WORK TASK —
Go to the line holding "Freddy Funko as" in the data below and repeat it exactly, then each line after it up to and including the one holding "ALERATEC 1:1 DVD/CD". Omit pictures.
+++ DATASET RECORDS
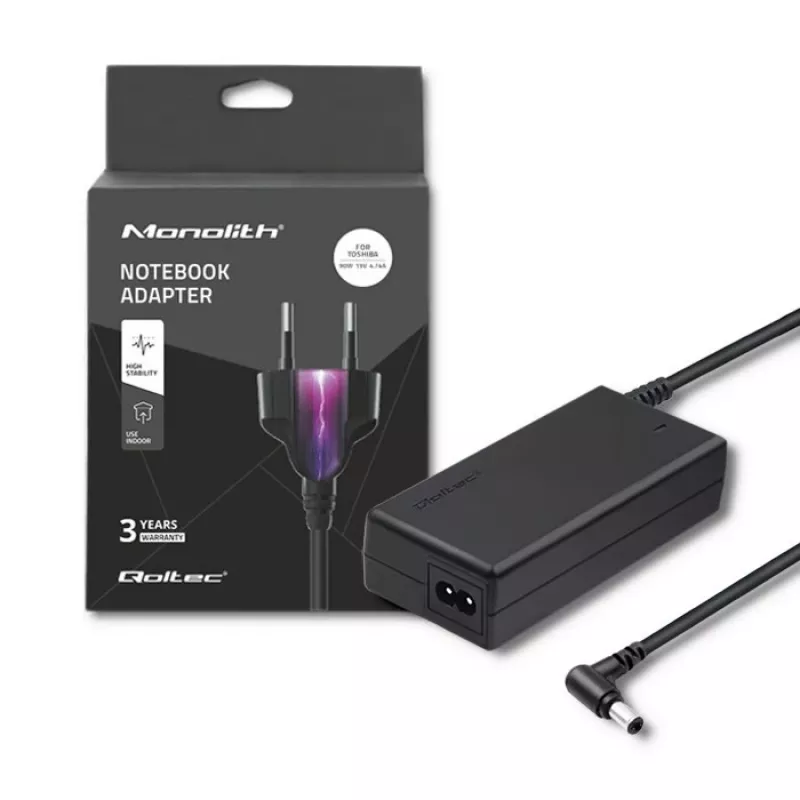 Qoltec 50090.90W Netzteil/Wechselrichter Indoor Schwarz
++++++
+++ DATASET RECORDS
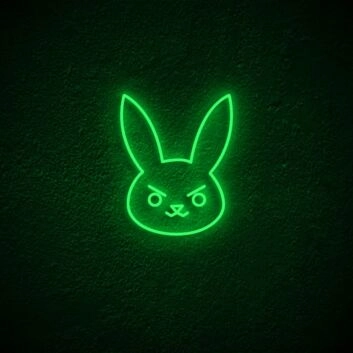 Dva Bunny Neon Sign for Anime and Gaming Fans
++++++
+++ DATASET RECORDS
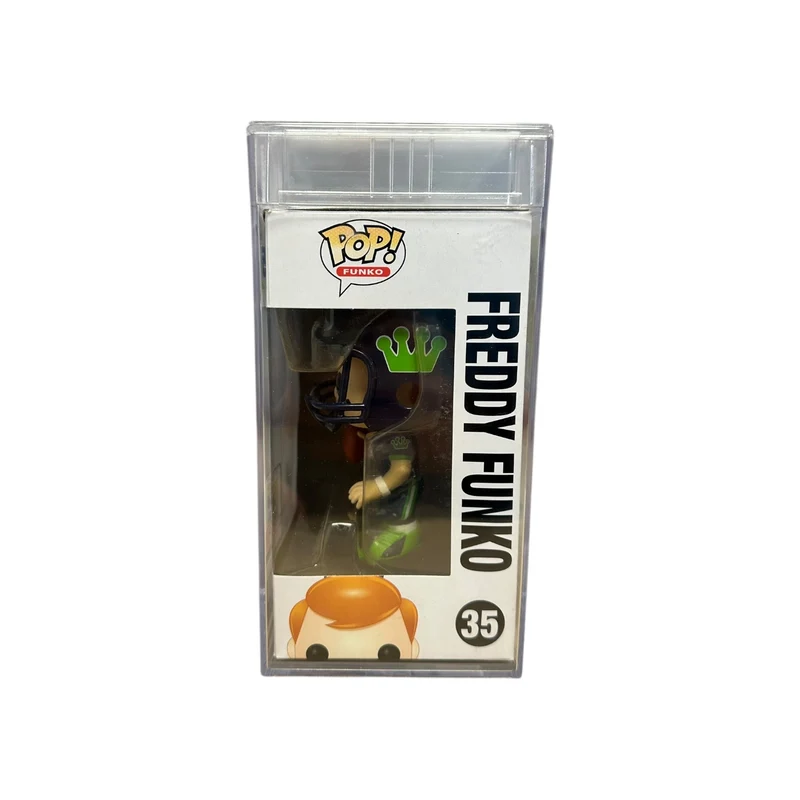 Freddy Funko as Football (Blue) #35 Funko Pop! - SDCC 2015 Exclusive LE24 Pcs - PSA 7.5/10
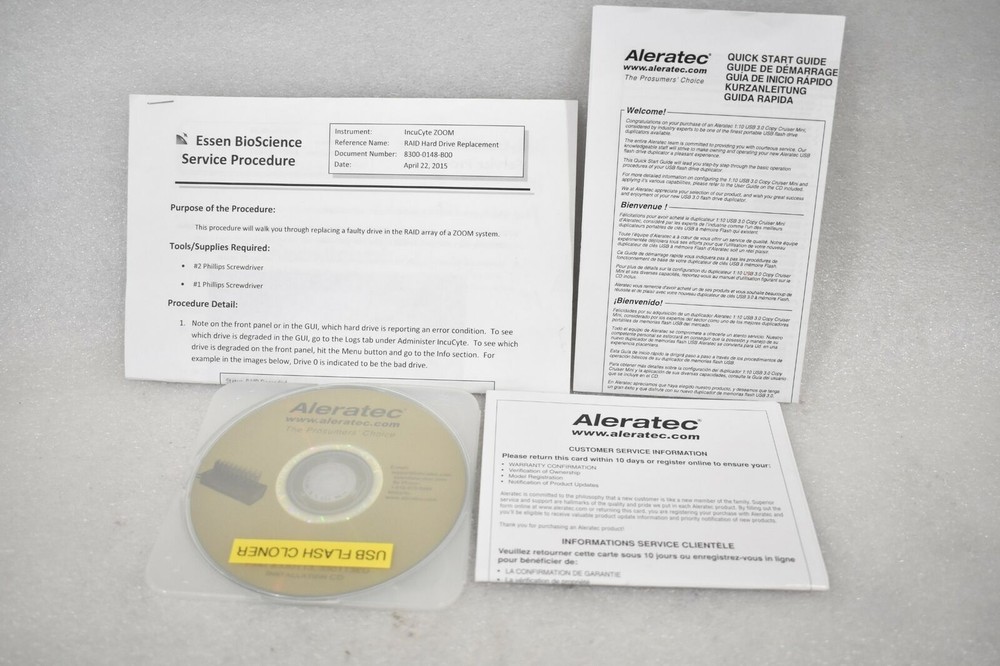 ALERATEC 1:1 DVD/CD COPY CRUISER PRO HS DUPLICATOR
++++++
REPLY TO THE EXERCISE —
 Freddy Funko as Football (Blue) #35 Funko Pop! - SDCC 2015 Exclusive LE24 Pcs - PSA 7.5/10
 ALERATEC 1:1 DVD/CD COPY CRUISER PRO HS DUPLICATOR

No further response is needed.